I’m taking a shower in the new house, and he comes running in. “Mommy. I need you, I call you.” Um, there’s a few words missing in there, and I need clarification. “If you need me, you’ll call me?”
“Yes.” And he turns, runs out, and slams the bathroom door.
Two minutes later, he comes back, peels back the edge of the shower curtain and says, “Mommy. Peanut just checking to see if you okay. You okay, okay, mommy?” I can’t help but smile, in that, “man, if someone has to love you, it’s sure a fine opportunity to have someone love you for their complete dependence on you” way. “Yes, baby, I’m okay.” He nods and runs out.
Two minutes later, he comes back, pushes the curtain aside, and says, “Mommy almost all done,” and leaves before I can answer.
Two minutes later, he comes back, peers around the curtain and says, “Mommy, Peanut getting angry Mommy in shower. Mommy all done shower. Peanut no want Mommy shower.” I explain that he can control his body, but he can’t control my body. “Peanut body want play outside. Peanut body no outside no Mommy. Peanut WANT control Mommy body.” And runs out.
Hours later, while he was in the tub, he kept insisting on having a cold bath. Cold bath, need a cold bath. Nope, sorry. It’s 65 degrees in the house (don’t worry–we’re not ogres. There is heat, and it’s on. It’s just set to go off at 57 degrees.) So Spouse announces it’s time to get out of bath (yes, of course he annouces five minutes then three minutes then one minute. What do you think we are, rookies?) Peanut drain the tub himself, then refuses to get out. He plays, no joke, for 10 minutes in a dry tub, naked, and covered with little water drops that he refuses to let us wipe off with (gasp) a towel. Window’s open. It’s November. (Granted, it’s November in the East Bay, but it’s still November.) He takes the tub toys and builds a pretend birthday cake. At least one hundred times. Each time he sings, “Yay, mommy birthday cake! Yay!” My birthday is later this week. We haven’t mentioned it in days. But he’s preparing his pretend celebration already.

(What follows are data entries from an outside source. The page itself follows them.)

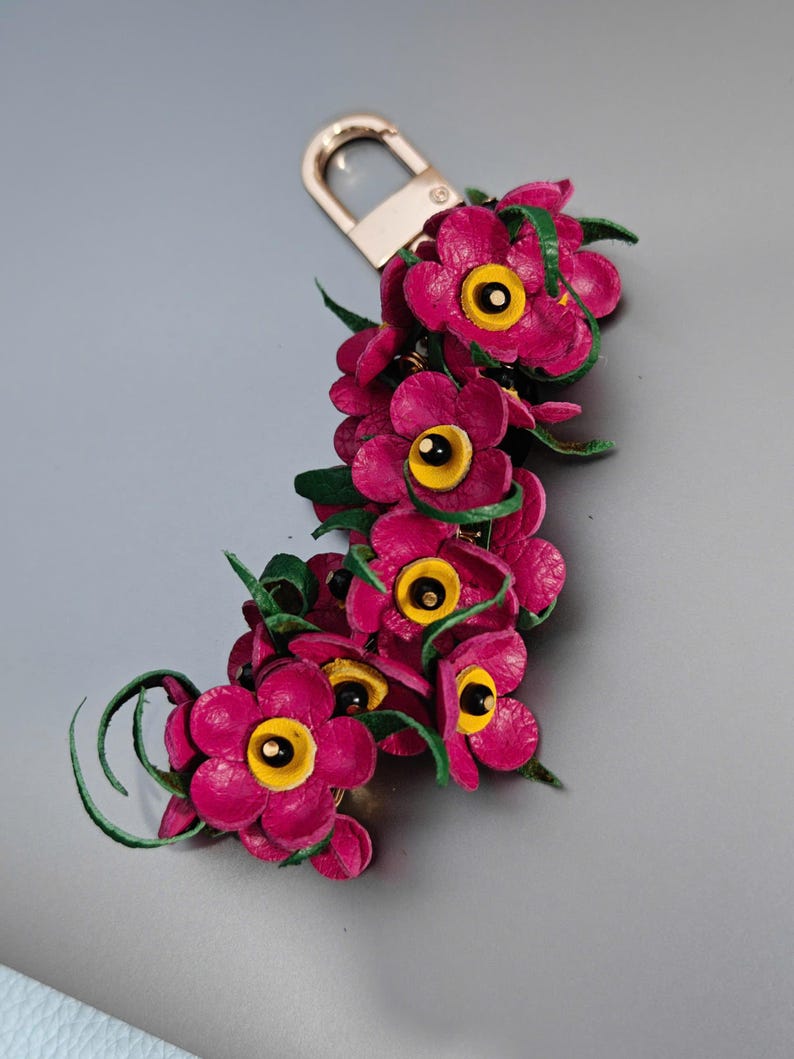 K&ouml;nnte beinhalten: Handgefertigter Leder-Schl&uuml;sselanh&auml;nger mit einer Ansammlung leuchtend magentafarbener Blumen mit gelben Zentren und gr&uuml;nen Akzenten. Die Blumen sind an einem goldfarbenen Metallverschluss befestigt, was ein einzigartiges Accessoire ergibt.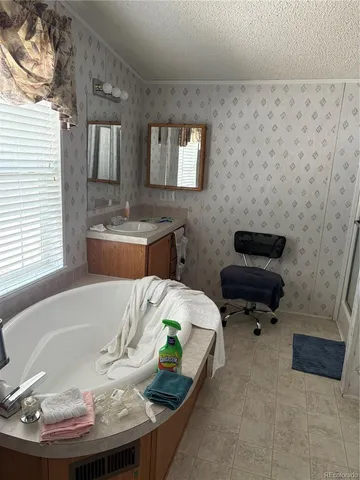 a bath tub sitting in a bathroom next to a sink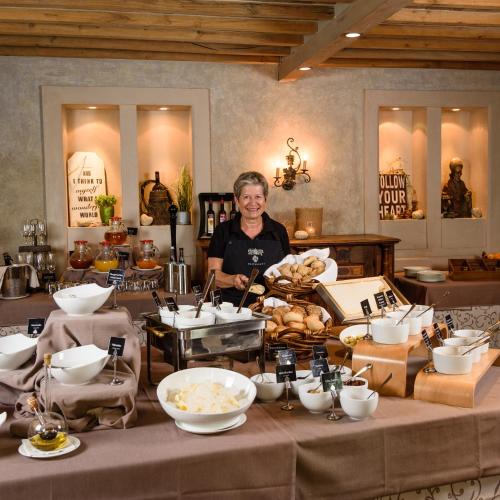 Schlosshotel Steinburg في فورتسبورغ: امرأة تقف خلف المنضدة مع أوعية الطعام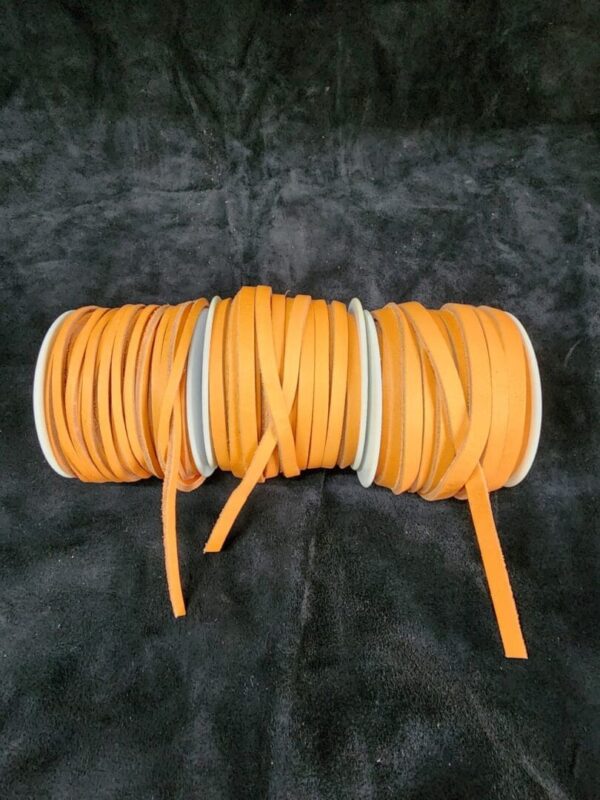 Orange ribbon spools on a black background.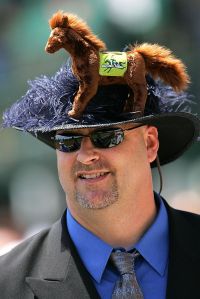 LOUISVILLE, KY - MAY 05:  A fan with a derby hat watches the 6th race, the Third Running of the Alysheba, on Kentucky Oaks day on May 5, 2006 at Churchill Downs in Louisville, Kentucky.  (Photo by Jamie Squire/Getty Images)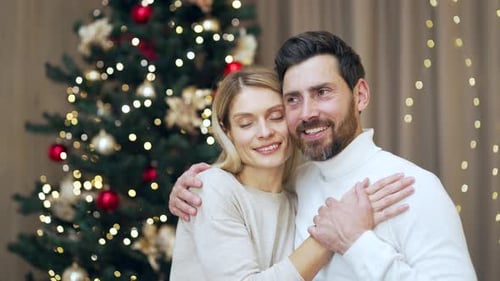 Married couple hugs on Christmas Eve or New Year holidays in cozy house indoors at home Evening.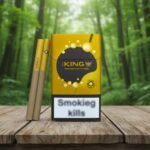 ซองบุหรี่ The King Mango สีทองตัดดำ วางคู่กับมวนบุหรี่บนโต๊ะไม้กลางป่า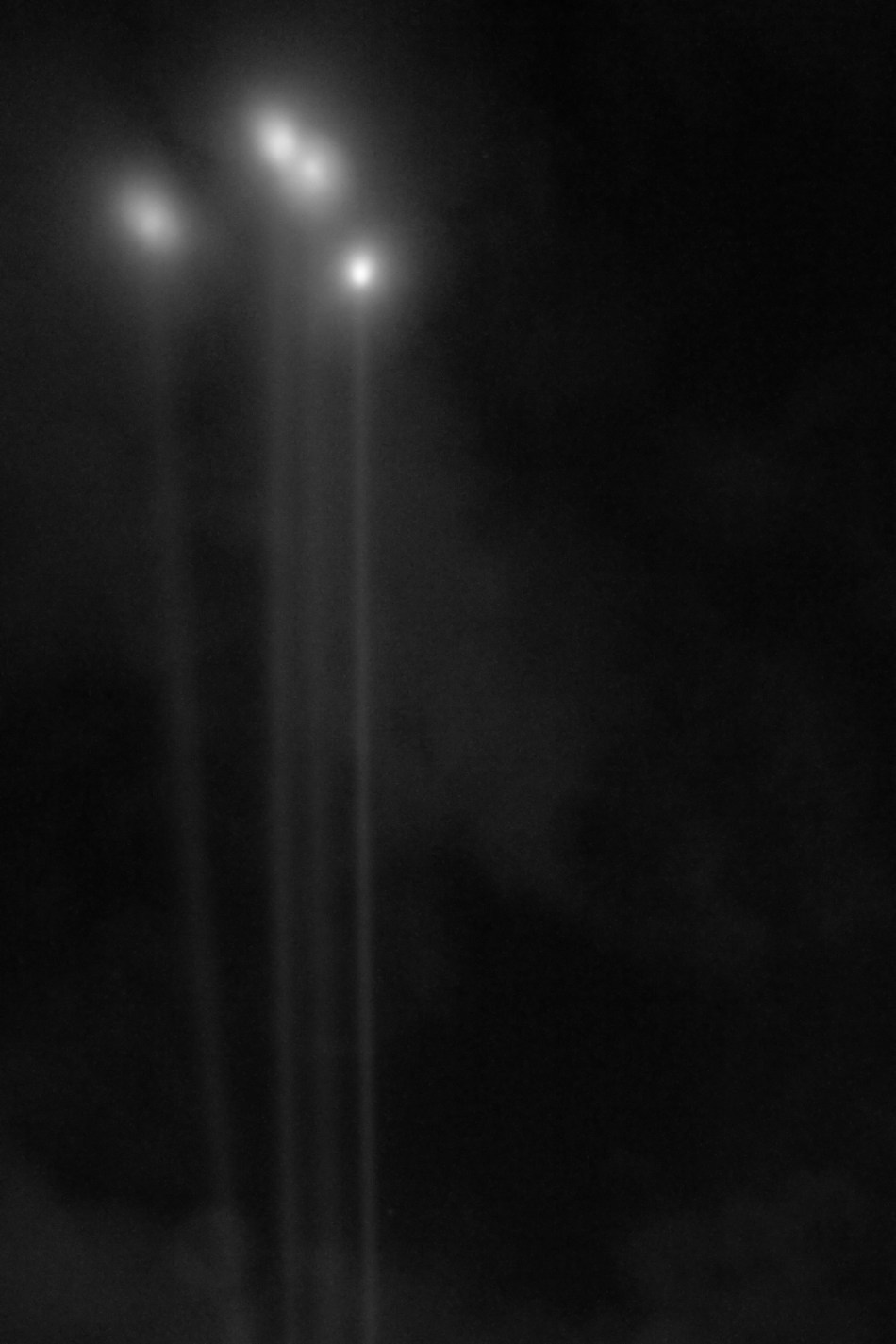 Four spotlights nearly converge in the night sky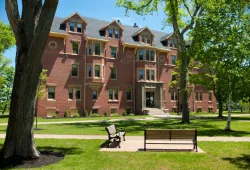 A four-storey brick building with lush trees around it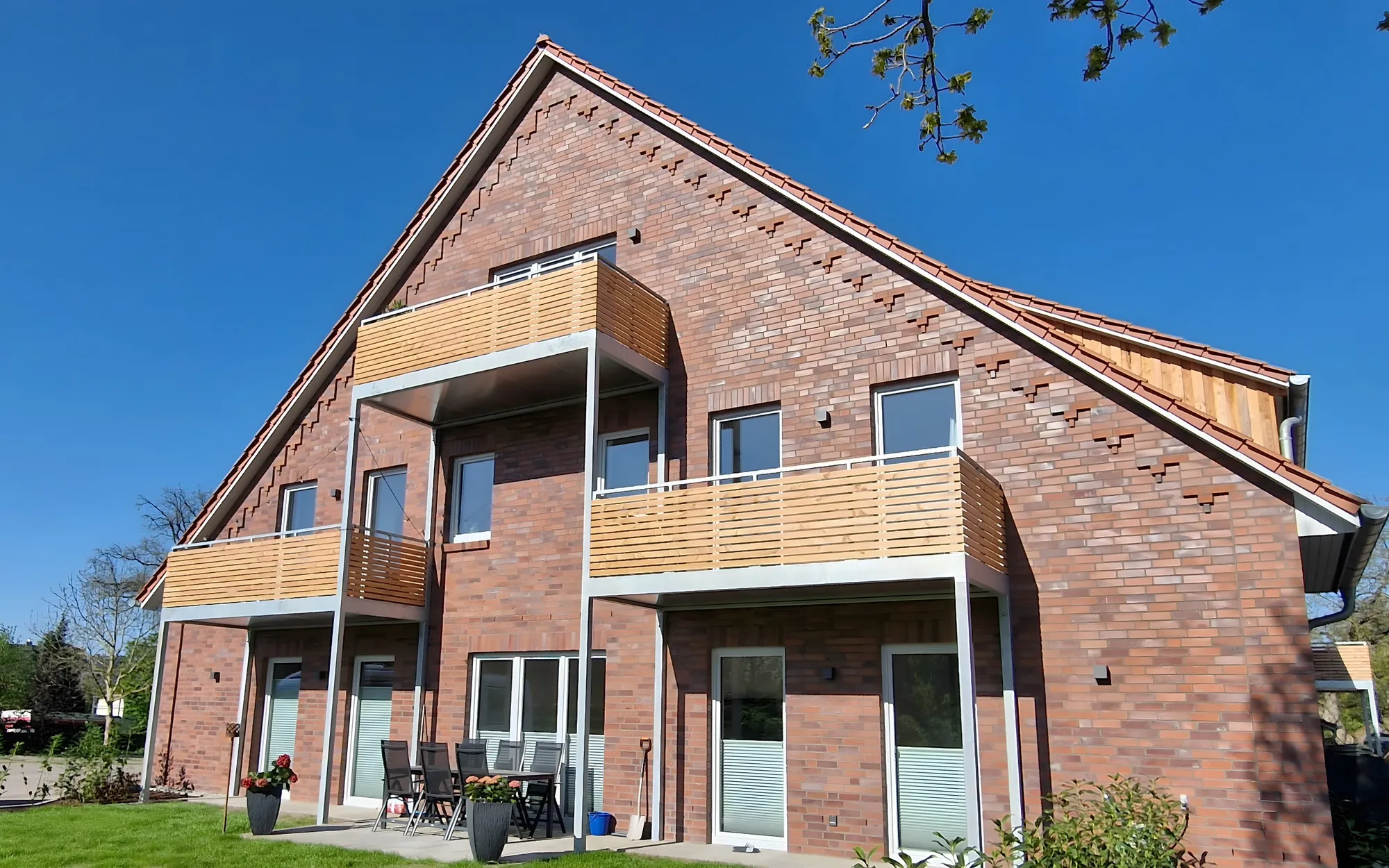 Zwei Balkone mit Holzverkleidung an einem Neubau aus rotem Klinker mit steilem Giebel, auf schlanken Stützen. Gebaut in Boltersen.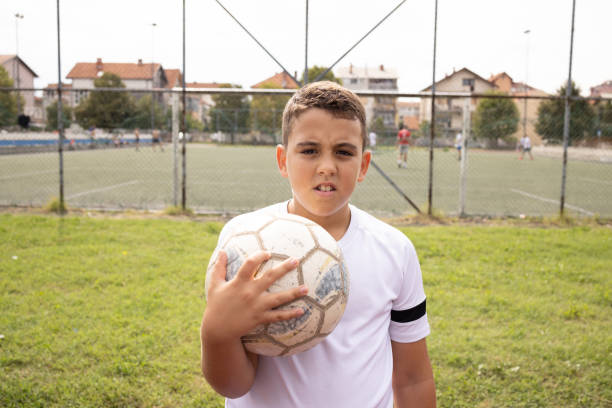 istock Boy soccer player portrait looking at camera 1422755974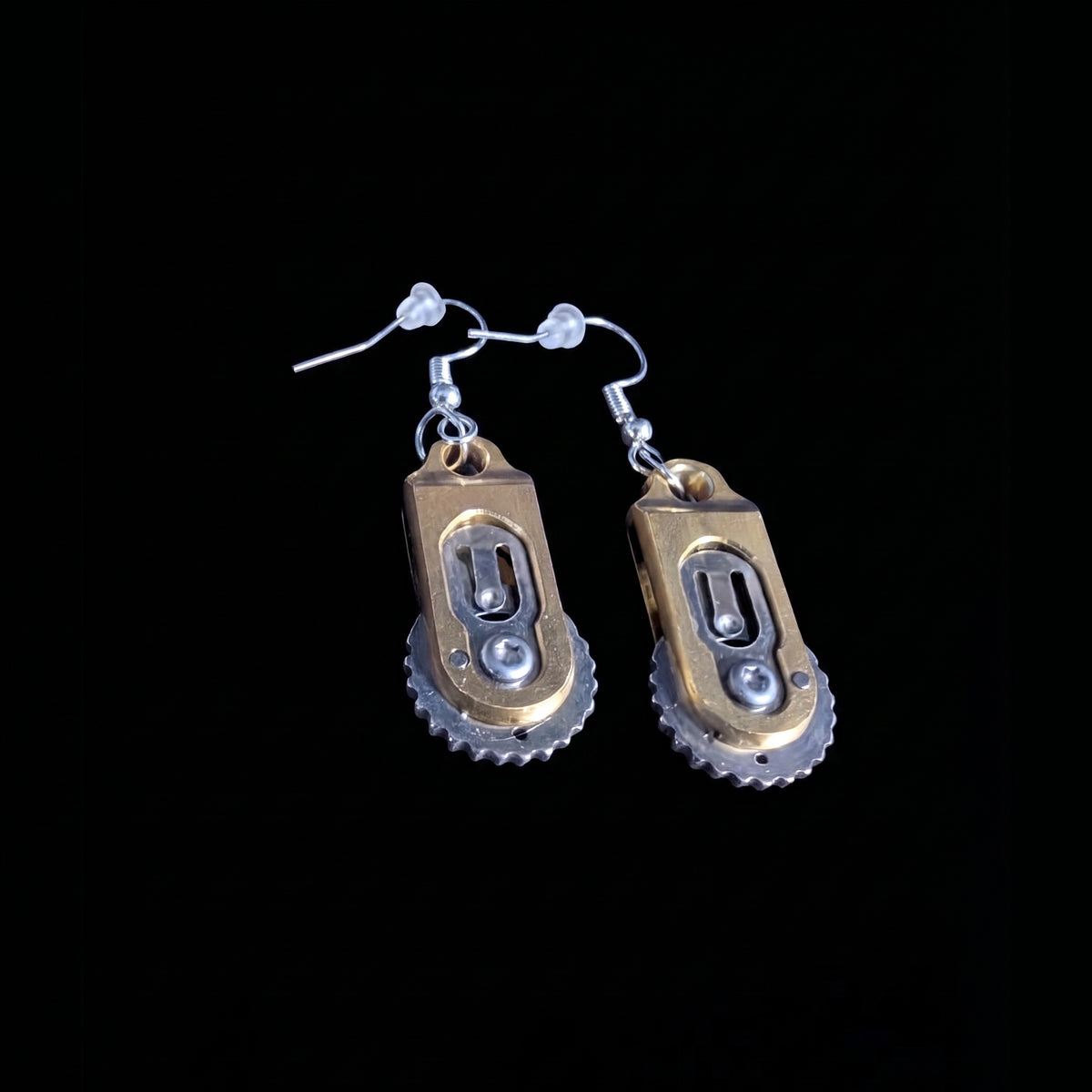 Gear pocket knife earrings by Pocket & Bear Collective closed on a black background, showing the brass handles with their gear-toothed edge and slotted gear detail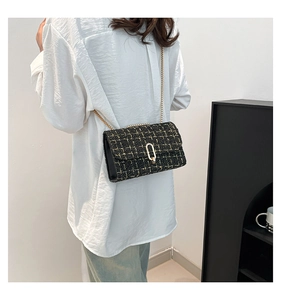 Sac bandoulière en tweed noir et doré, texture luxueuse et coupe élégante pour femmes chic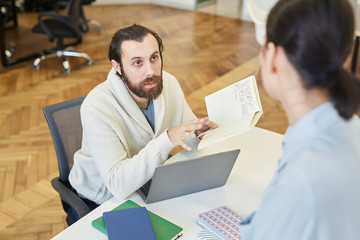Young man sitting at office desk sharing his ideas to unrecognizable colleague, horizontal high angle shot
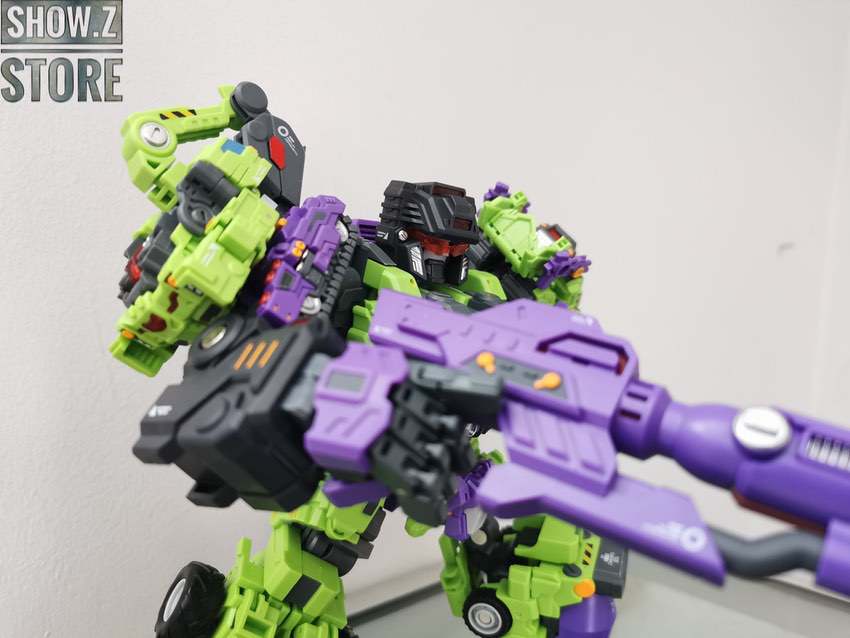 Demolisher Devastator holding large purple cannon weapon overhead Demolisher Devastator holding large purple cannon weapon overhead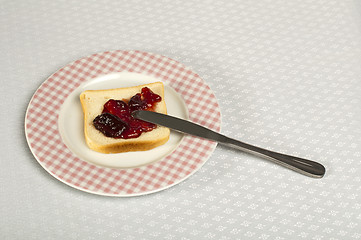 Image showing Spread jam on bread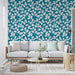 Un salon moderne avec un papier peint aux motifs de feuilles blanches sur fond turquoise, créant une ambiance fraîche et vivifiante.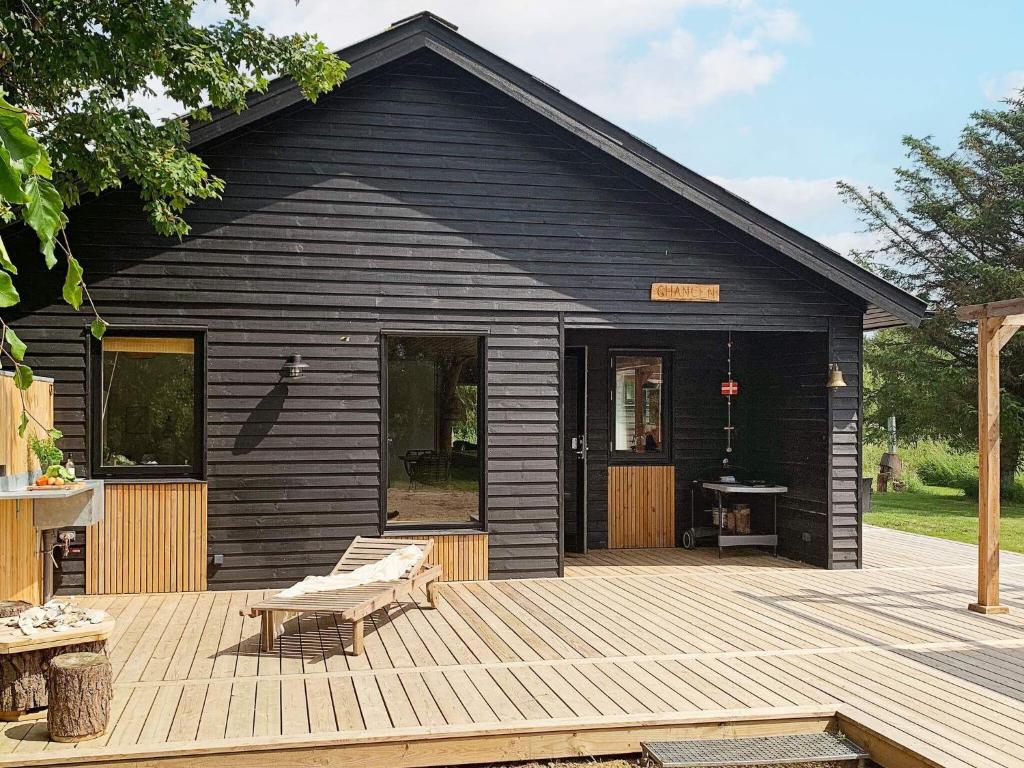 ein schwarzes Haus mit einer Holzterrasse davor in der Unterkunft 10 person holiday home in Vinderup in Vinderup
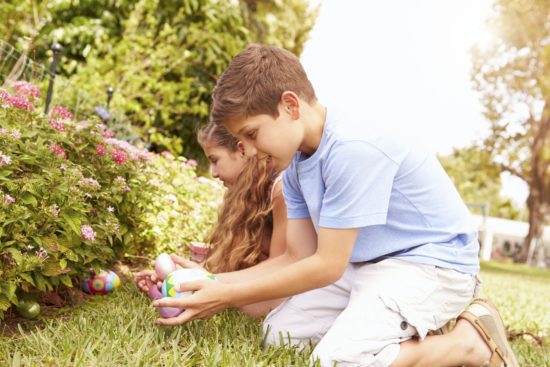 Two Children Having Easter Egg Hunt In Garden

So as he’s making the pretend cake, he pulls a cold, wet washcloth on his knee, and proclaims, “Ooooh. That cold. That no good idea, put that on Peanut leg. No good idea. Try something different.” And he builds another cake, with a washcloth fondant.
Um, there’s a thin, thin line between special education and gifted education, I’m guessing. And we’re living life on that line every day.